Kapkıner: 3-1 kazandığımız Galatasaray maçını unutamıyorum. Beşiktaş’ı şampiyonluktan ettiğimiz 1-0’lık maç var. Fenerbahçe’yi 1–0 yendiğimiz maç. Sonra İstanbul’da 0–0 biten Beşiktaş maçı. Maç bitiminde biz değil, Beşiktaş soyunma odasına güle oynaya gidiyordu. Biz başımız önde, üzülerek gitmiştik.

Soru: Üzerinizde etki bırakan futbolcular kimlerdi? Hem oyunculuk, hem kişilik olarak… O yılların oyuncu tipiyle bugünkü arasında ne gibi farklar bulunuyor?

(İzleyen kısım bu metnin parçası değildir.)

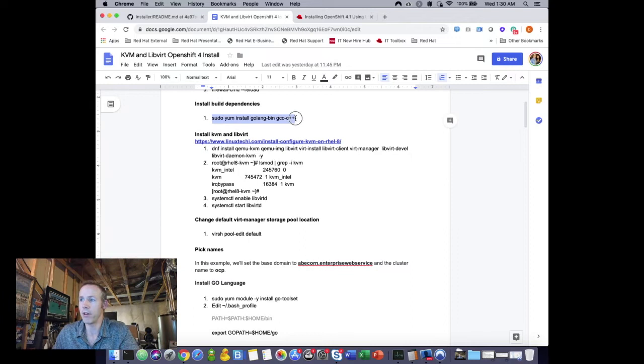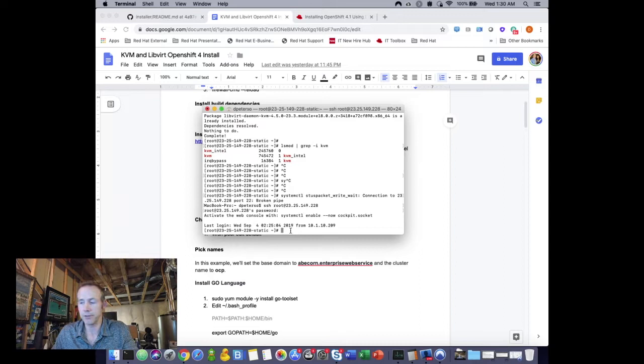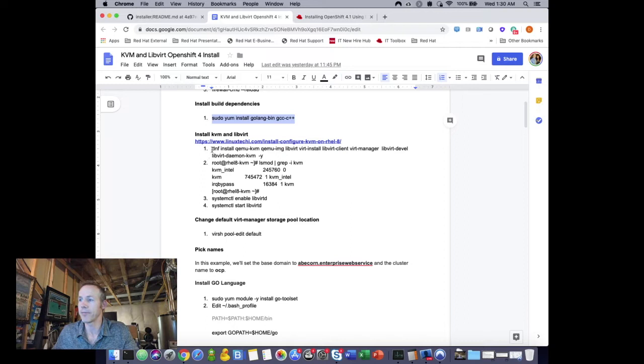The first step is to make sure you have all of the required libraries installed. Go ahead and run the install command to get those packages installed — that's the first step.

Kapkıner: Levent (Numanoğlu) abi, Feridun (Özütok) abi… Zeynel (Limoncu) vardı. Onlar bizlere yardımcı olan tiplerdi. Her türlü işle ilgilenirlerdi. Para işine geldi mi, ‘Atilla şu kadar para gelmiş, şu kadar dağıtılacak’ diyebilecek tiplerdi. Yönetici, lider tipliydiler. Kimse, ‘ben bunu almam, benim alacağım şuydu’ diyemezdi. Ben de gençtim. Benden büyük sporcular vardı. Ceyhun abi, Oktay abi derdik. Bazı konularda parayı önemsemeyen insanlardı. Bir maça çıkıldığında para konusunu açan futbolcuyu soyunma odasından atabilen kapasitede insanlardı. Acaba yaş geçti de… O günleri biraz da arıyorum sanki.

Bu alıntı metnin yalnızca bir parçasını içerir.